*What you are asked to do*
Set down each line of the data below exactly as it stands, dropping the pictures.

::: Extracted data

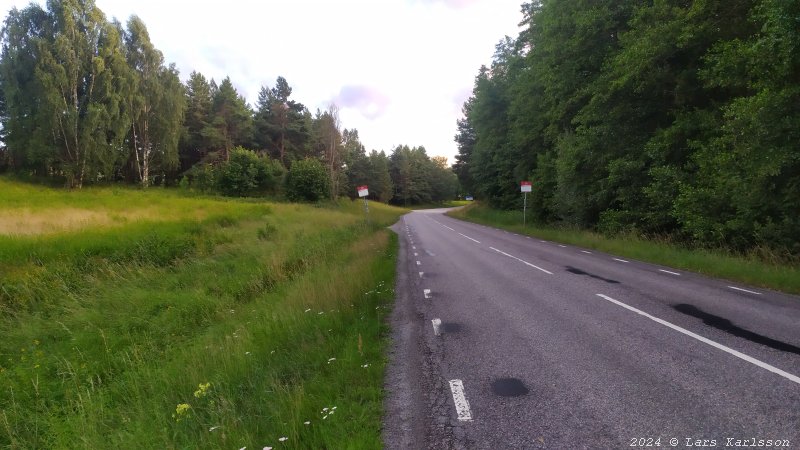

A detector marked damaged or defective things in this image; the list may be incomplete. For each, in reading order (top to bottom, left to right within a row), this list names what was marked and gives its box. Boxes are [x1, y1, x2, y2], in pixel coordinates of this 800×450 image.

dark asphalt patch [564, 264, 620, 284]
dark asphalt patch [676, 304, 800, 356]
dark asphalt patch [490, 376, 528, 398]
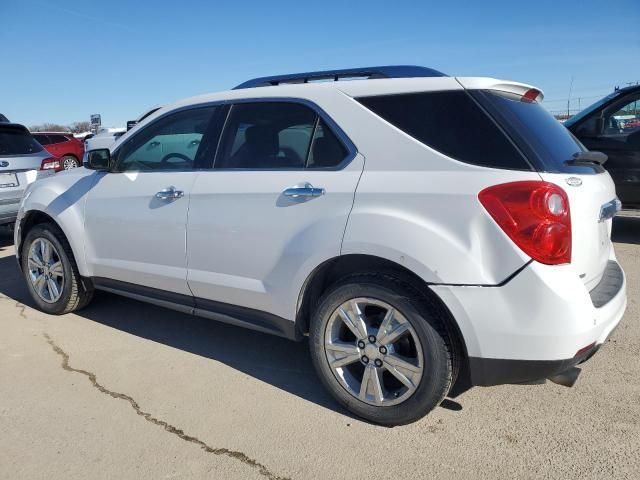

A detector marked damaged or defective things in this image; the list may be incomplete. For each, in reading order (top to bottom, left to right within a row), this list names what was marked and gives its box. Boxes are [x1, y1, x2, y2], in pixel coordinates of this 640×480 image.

::::::

*Answer to the problem*
A detector marked damaged or defective things in this image; the list may be incomplete. For each, in reading order (top to bottom, left to right within a row), this list names what was marked and gives its box. Boxes are [x1, y1, x2, y2], in pixel coordinates of this 800×450 image.

dark asphalt patch [564, 264, 620, 284]
dark asphalt patch [676, 304, 800, 356]
dark asphalt patch [490, 376, 528, 398]

A detector marked damaged or defective things in this image; the list may be incomplete. For each, in reading order (top to bottom, left to right within a row), this list names what was marked and gives its box. Boxes are [x1, y1, x2, y2], in pixel coordinates of this 640×480 image.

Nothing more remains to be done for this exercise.